Biden, Kissinger and Soros, who helped shape the post-Cold War world, are worried their life’s work is being undone.
(Originally published May 25 in “What in the World“) Old men with the experience to know—and at their ages arguably little but their legacies at stake in the outcome—have concluded we’re on our way or already embroiled in a global conflict between Western civilization and Eastern authoritarianism.
U.S. President Joe Biden, 79, is a Catholic born in World II who launched his career at the height of the Cold War, became involved in arms control talks with the Soviets and spent over a decade on the Senate Foreign Relations Committee helping shape American foreign policy in post-Soviet Europe. Now steering U.S. foreign policy as president, he appears resigned to a world war with China and Russia to defend democracy and Western civilization.
George Soros, 91, is a Hungarian Jew who survived Nazi occupation and Soviet liberation, started building his fortune during the Cold War and has in the past 20 years funded pro-democracy institutions in former Soviet republics. He believes the war in Ukraine may be the start of a third world war that will determine the survival of Western civilization. Soros is at the annual meeting of the World Economic Forum in Davos, Switzerland, giving the talking points from a new and somewhat discombobulated op-ed in which he argues that the rise of authoritarianism began with the terrorist attacks of Sept. 11, 2001, and has been abetted by technology.
But the oldest of them all is Henry Kissinger, 98, another Jew who as a teen escaped Nazi Germany for the U.S., returned to help defeat Hitler and win a bronze star, then became a master of modern realpolitik and the architect of U.S. Cold War policy as national security adviser and secretary of state. Kissinger is in Davos warning that it’s the West that’s nudging us towards world war by pushing Russia into a corner over Ukraine rather than recognizing its historical importance as a buffer between Europe and Russia.
No matter whose memory you trust, each of these men seem to agree we’re locked in a mortal clash of civilizations. On one side is the West, fighting for democracy against the authoritarianism of the East. On the other is the East, fighting against an American-led imperialism of liberal values. Only Kissinger’s analysis appears to offer avenues for de-escalation.
Biden’s trip to Asia has only helped cement both narratives.

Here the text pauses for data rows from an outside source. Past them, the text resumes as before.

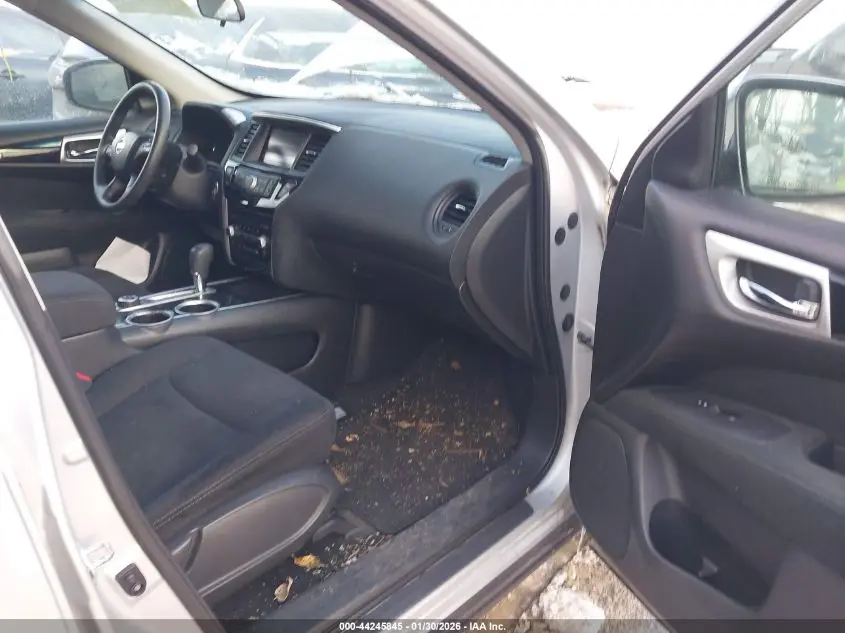 2016 NISSAN PATHFINDER  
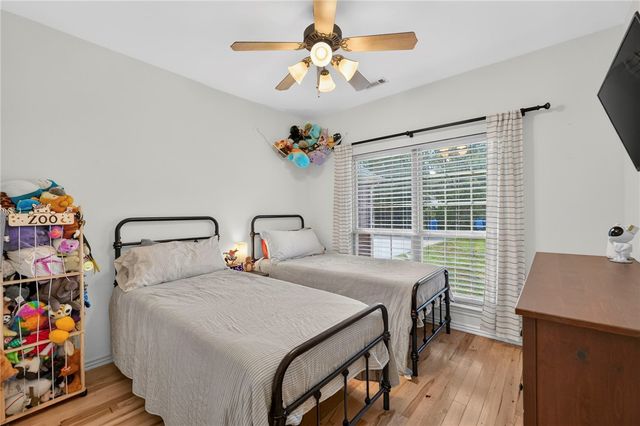 6 Burns Circle, Bella Vista, AR 72714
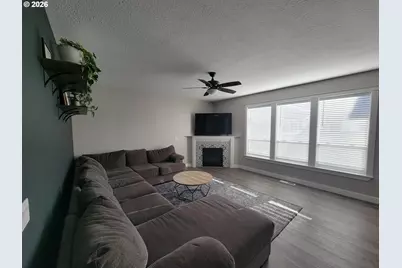 4889 Whitewater St, Salem, OR 97305 - Photo 14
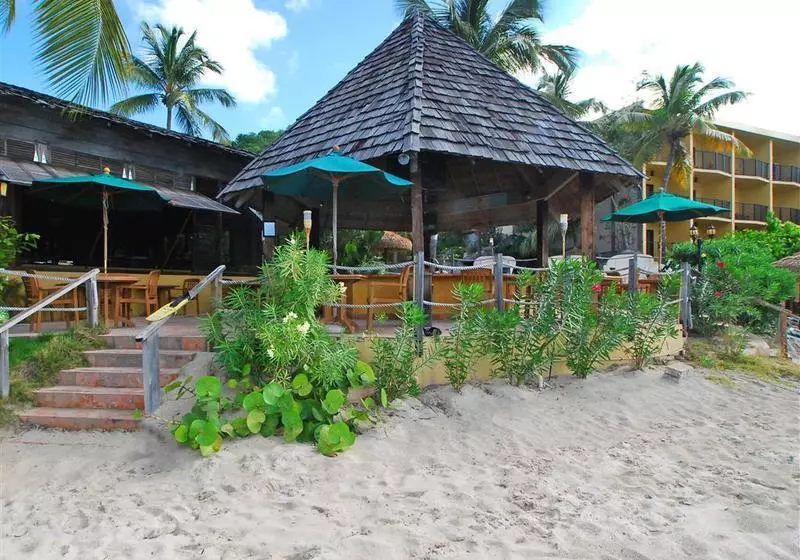 هتل Emerald Beach Resort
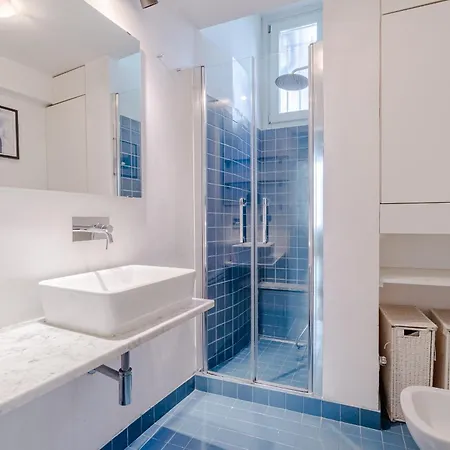 Guesthost - Casa-galleria D'arte Live A Of Author Appartement *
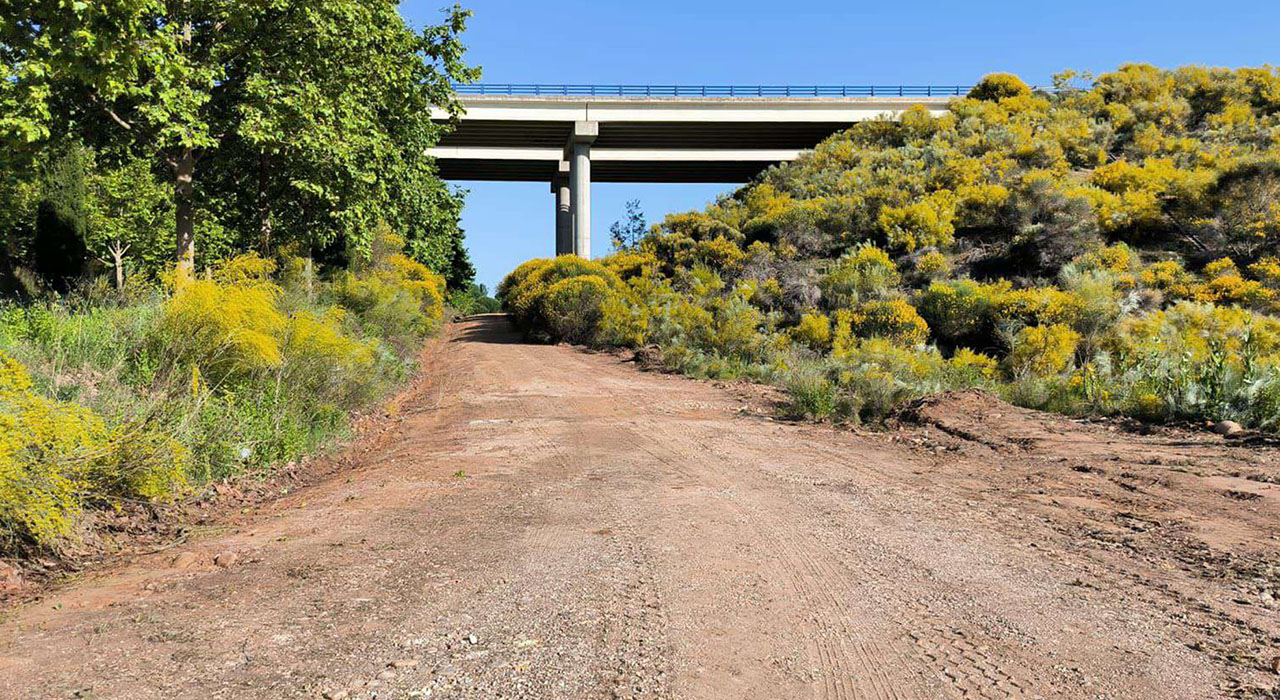 Culminan los trabajos de desbroce de cunetas en caminos rurales del término municipal de Cabanillas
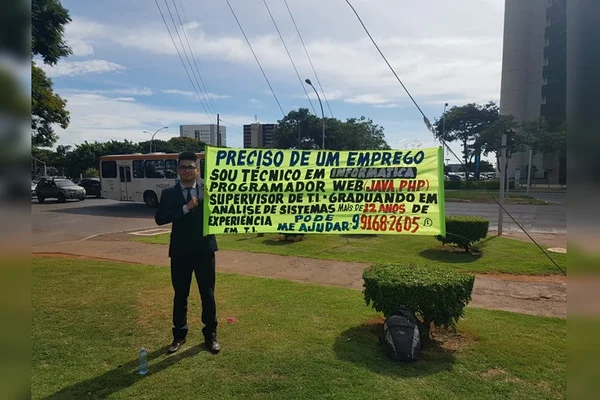 Técnico em informática confecciona faixa e pede emprego nas ruas do DF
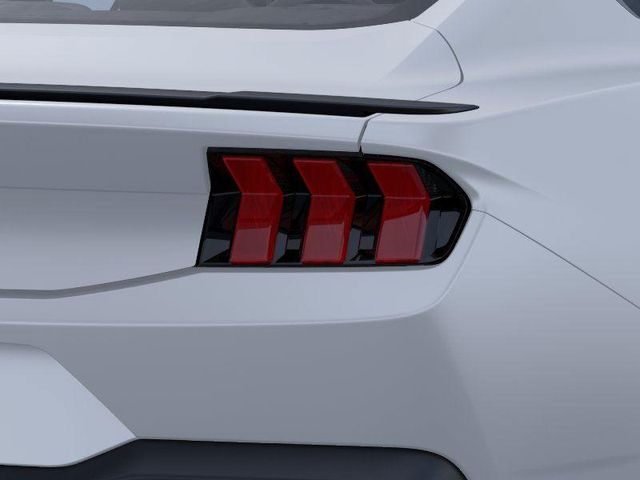 Vehicle image 19 of 22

Biden’s aim in visiting South Korea and Japan was to signal support for allies in Asia worried about an increasingly assertive China and North Korea and to galvanize that alliance with economic ties and greater military cooperation between Australia, India, Japan and the United States.
As if to justify the cost of Biden’s trip, China and Russia responded to this containment confab by conducting joint military exercises that saw their bombers fly early Tuesday—while the Tokyo summit was still underway—from the Sea of Japan south to the Philippine Sea. Biden flew out of Tokyo late Tuesday. This morning, North Korea bid him farewell by launching three missiles into the Sea of Japan.